I would go so far as to say that if you don't apply it to everything you're not really a skeptic. However ... I would also say that no one is 100% perfectly consistent and logical in all things at all times, so everyone's skepticism is imperfect.

The closer we get to consistently applying it to everything, the better.

I have been reading (and it's turned into a real slog) Solve For Happy, the latest in a recent spate of self-help books written by extremely wealthy Silicon Valley elites who have been sullied by personal tragedy. It is a pastiche of useful mind tricks (be always in the present moment, let go of expectations) but concludes with an argument in favor of some generic form of eternal life based pretty much on an argument from incredulity and an argument for design. Compartmentalization again ... he applies engineering discipline to the human condition -- until he doesn't.

In his case, the reason is that he can't accept that he'll never see his son again. His son is presented as almost a Jesus-figure, preternaturally spiritual and mature, who was simply too good for this world. I do not burden my son's memory with such projections, and don't expect to see him again. Nor would it give me hope to believe that I would. It would make it all about me, and my need to believe what I want to believe, instead of about what actually IS. I suppose it would be harder if my son was younger, better-launched, mentally well, and not suffering. But that would not change reality either. I would have to question his immortality anyway. I would have to question the existence of design, direction or destiny in an attempt to "explain" random events, too.

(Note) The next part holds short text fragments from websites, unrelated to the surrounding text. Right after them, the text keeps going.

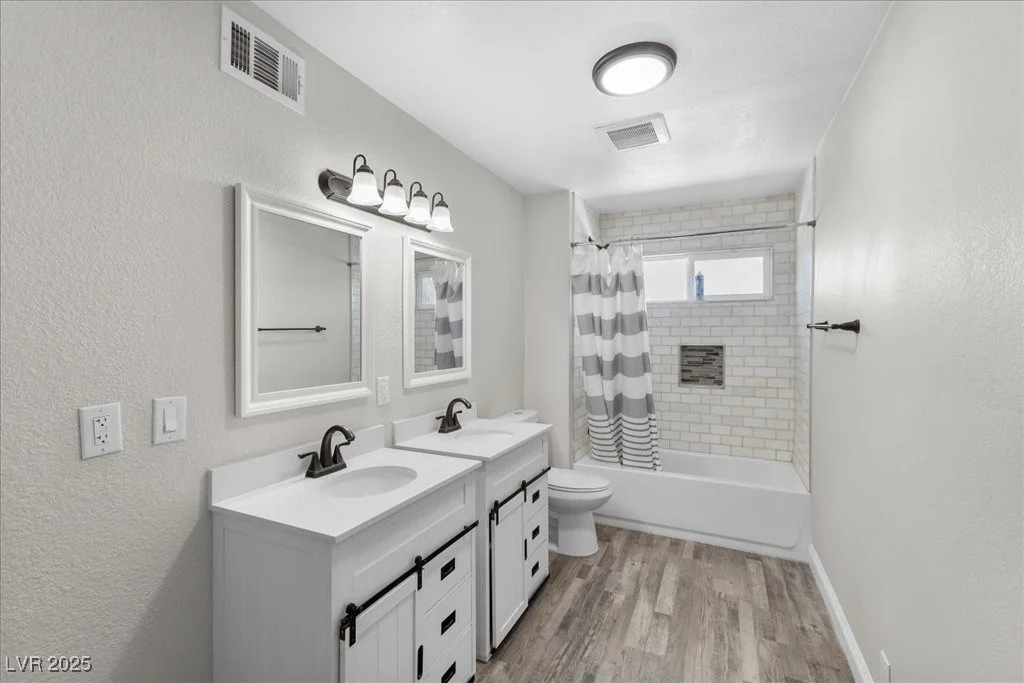 818 Lacy, Las Vegas, NV 89107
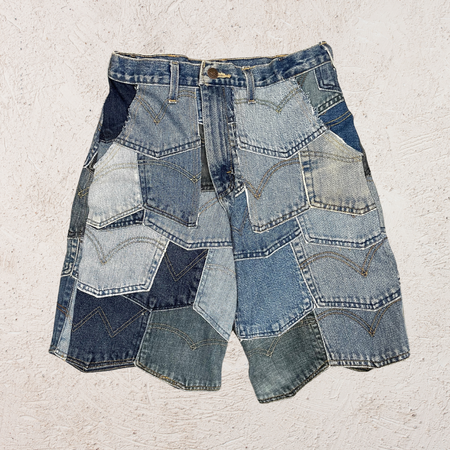 JUPE EN DENIM RETRAVAILLÉE SS24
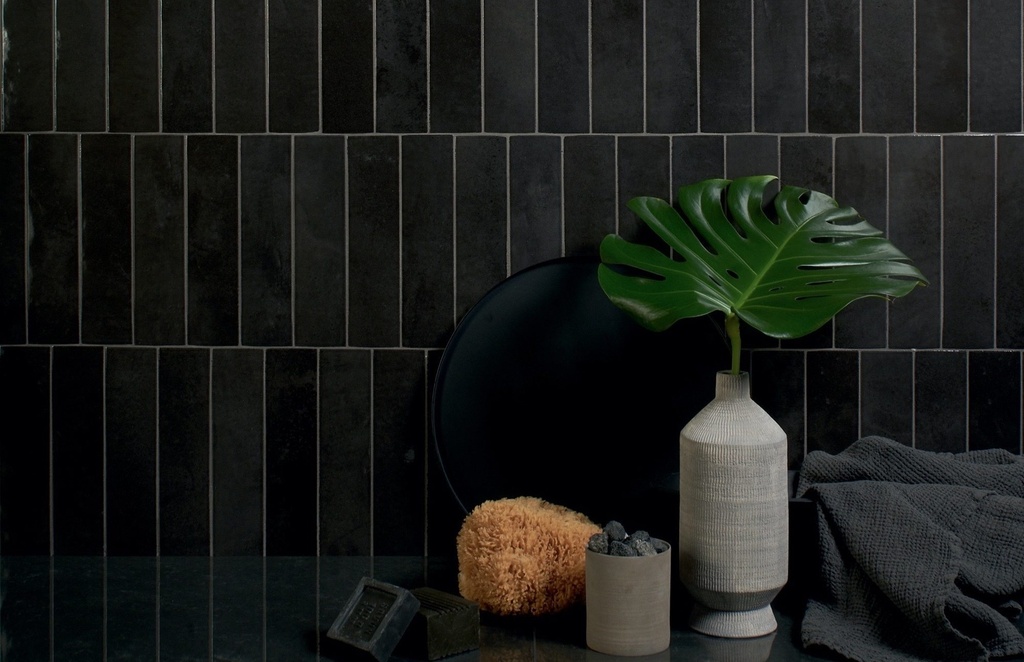 SODA.006024.NER.GLO - Miniature Soda Nero Magma Gloss 60x240 - Wall 2.jpg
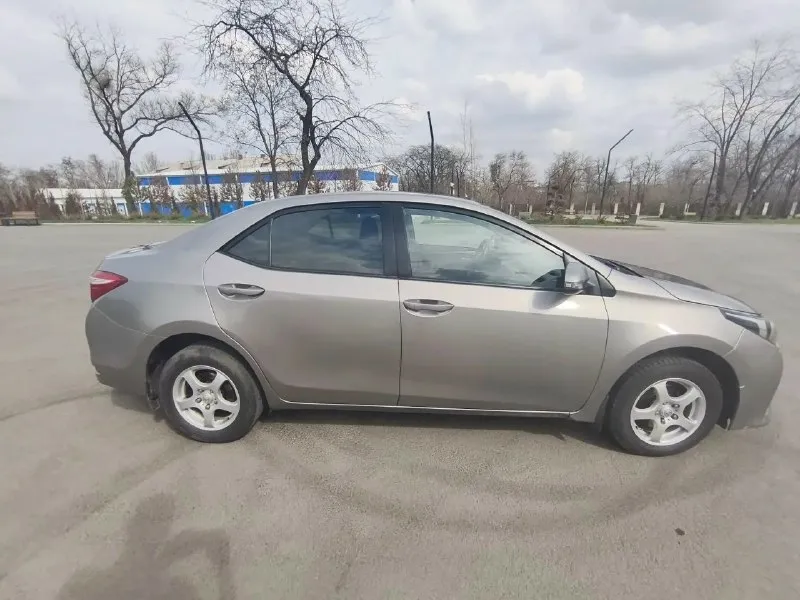 Toyota corolla 2013 года, объем двигателя 1,33, мощность по стс 101 л. с. , сборка - турция, пробег оригинальный: 100 тыс. машина куплена в салоне. мкпп. 2 владелец по птс (из одной семьи). надёжный автомобиль, в хорошем состоянии, готов на любые проверки, очень экономичная, бережное отношение, регулярное обслуживание, зелёная автотека, без дтп!!! гаражное хранение, резина зима-лето, по бамперу есть мелкие сколы (см. фото), все вопросы по телефону +79494512370 1 140 000 руб. г. донецк, днр. торг у капота уместен. 📞 звоните: +7(949)4512370 - фотография - 5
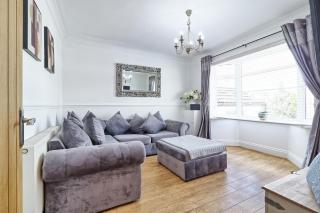 Modernised Luxury Family Home in Theydon Bois With London Skyline Views - Theydon Bois - 9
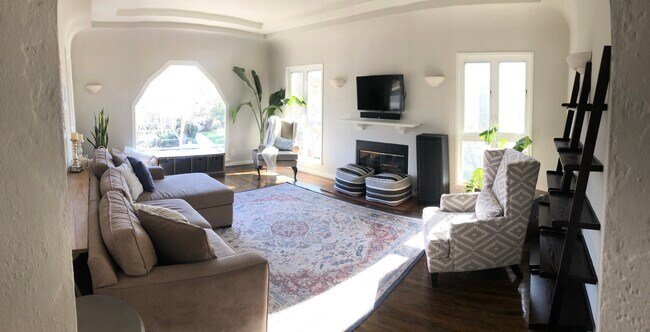 Building Photo - 1603 Stearns Dr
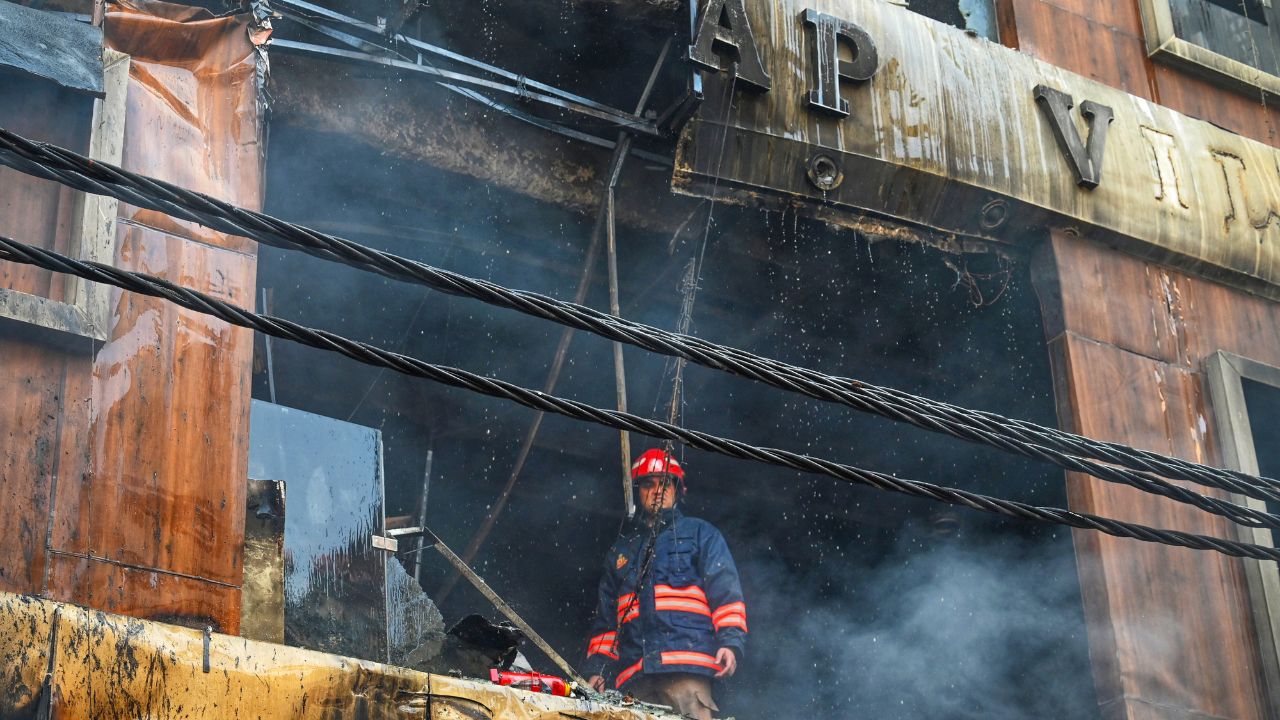 Palam Fire Horror: Family of 9 killed, was this tragedy preventable? Watch DN ground report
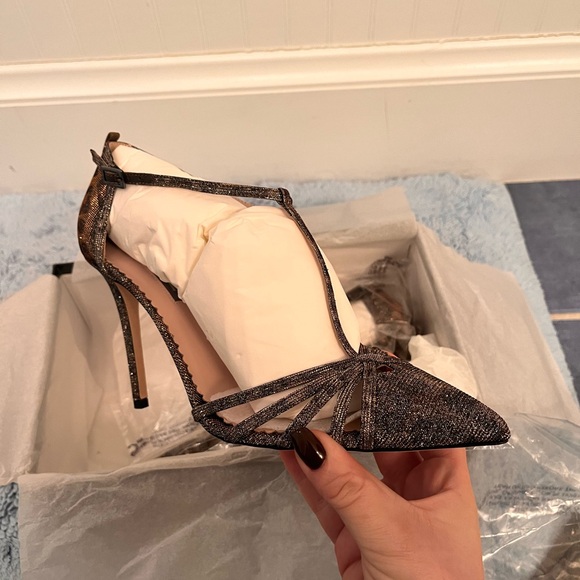 NWT SJP by Sarah Jessica Parker Carrie Heels in signature Animal Print Glitter - Picture 6 of 9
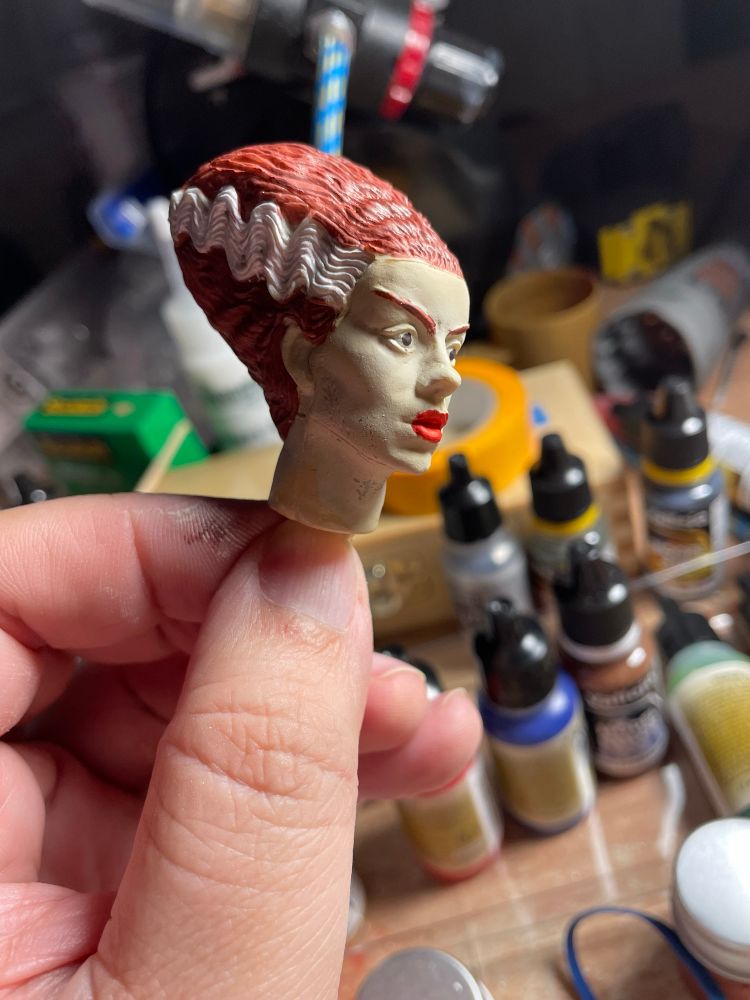 Model head of the Bride of Frankenstein.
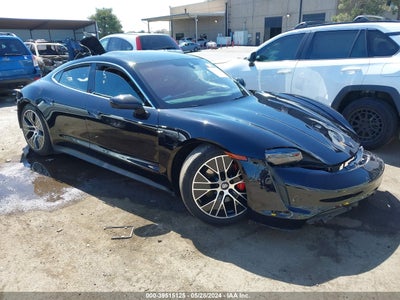 PORSCHE TAYCAN 2023
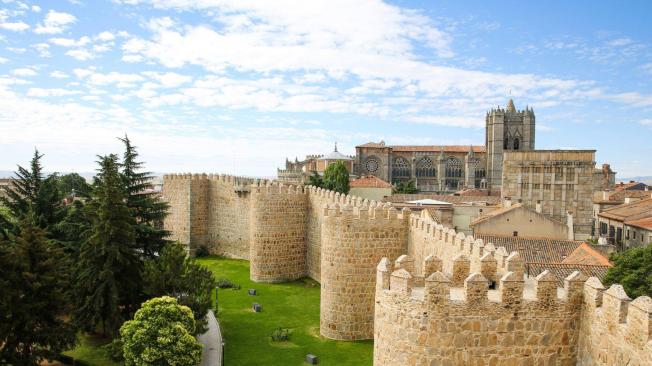 La impresionante muralla que rodea a Ávila, en España.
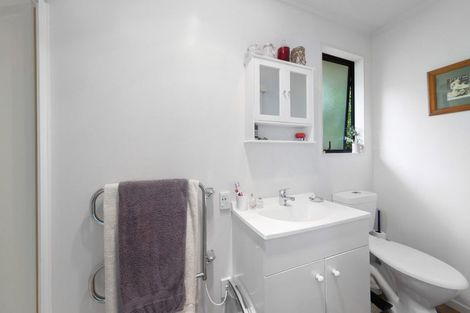 Photo of property in 25a Clairville Crescent, Wai O Taiki Bay, Auckland, 1072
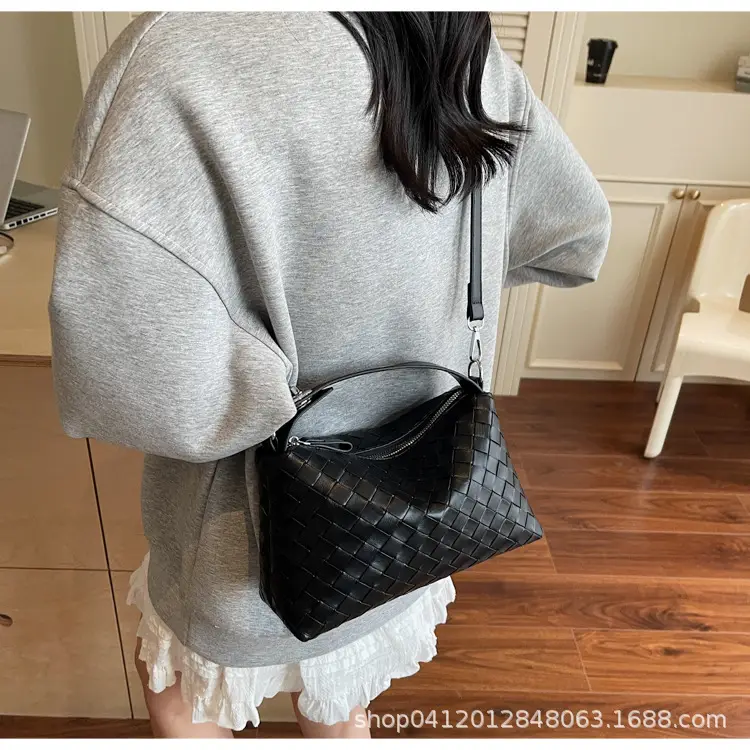 Women Handheld Woven Leather Bag Tan Single Shoulder — feature 21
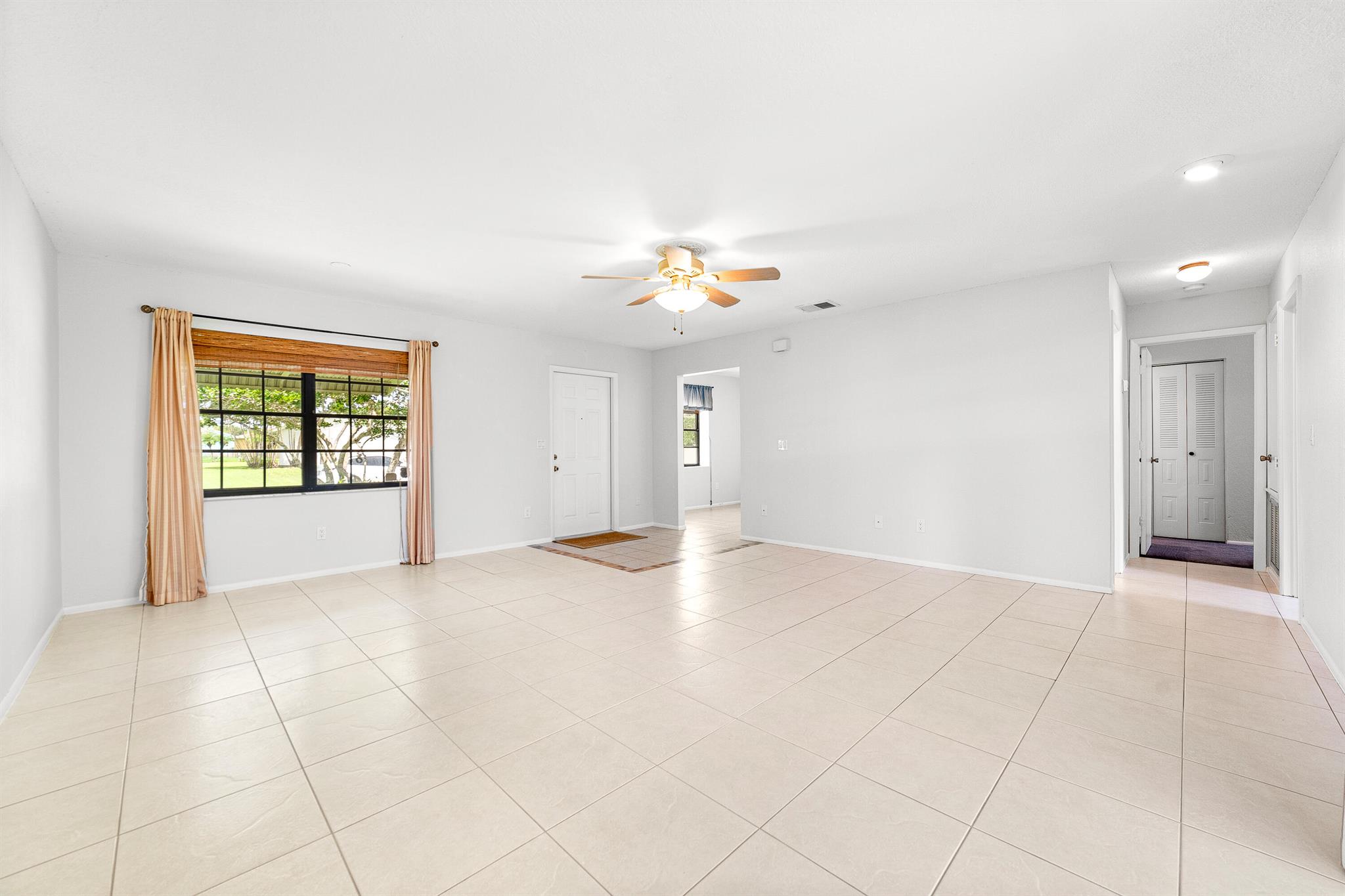 PORT ST LUCIE SECTION 52 - Residential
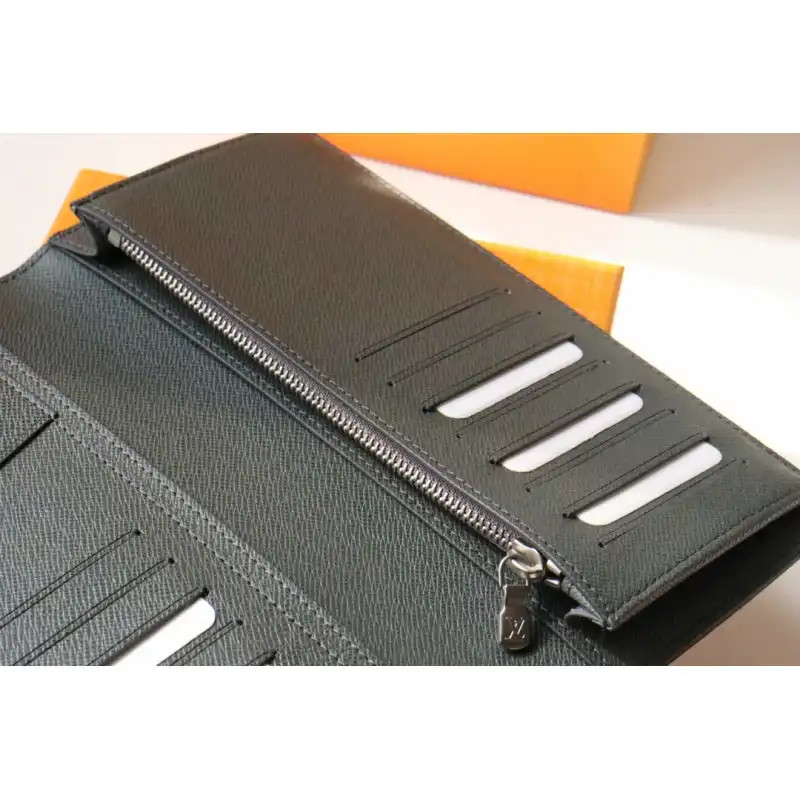 LV Bags 2102SH0004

Intelligent design, intentionality or consciousness of reality, and eternal life invariably "vanish in a puff of logic" when logic is applied to them. Our willingness to forego seeming but short-term transient comfort in favor of logic is a test of our commitment to skepticism and empiricism and rationalism.

Also in my case it honors my son's deeply held convictions about what is the better explanation for experienced reality, which we shared together. He arrived at his convictions independently. In the case of the author of this book, he shared with his son a more gauzy idealized notion of reality so it is not that he is of weak intellect so much as that he's too invested in his own (and his son's) narratives.

Dog save us from our own narratives!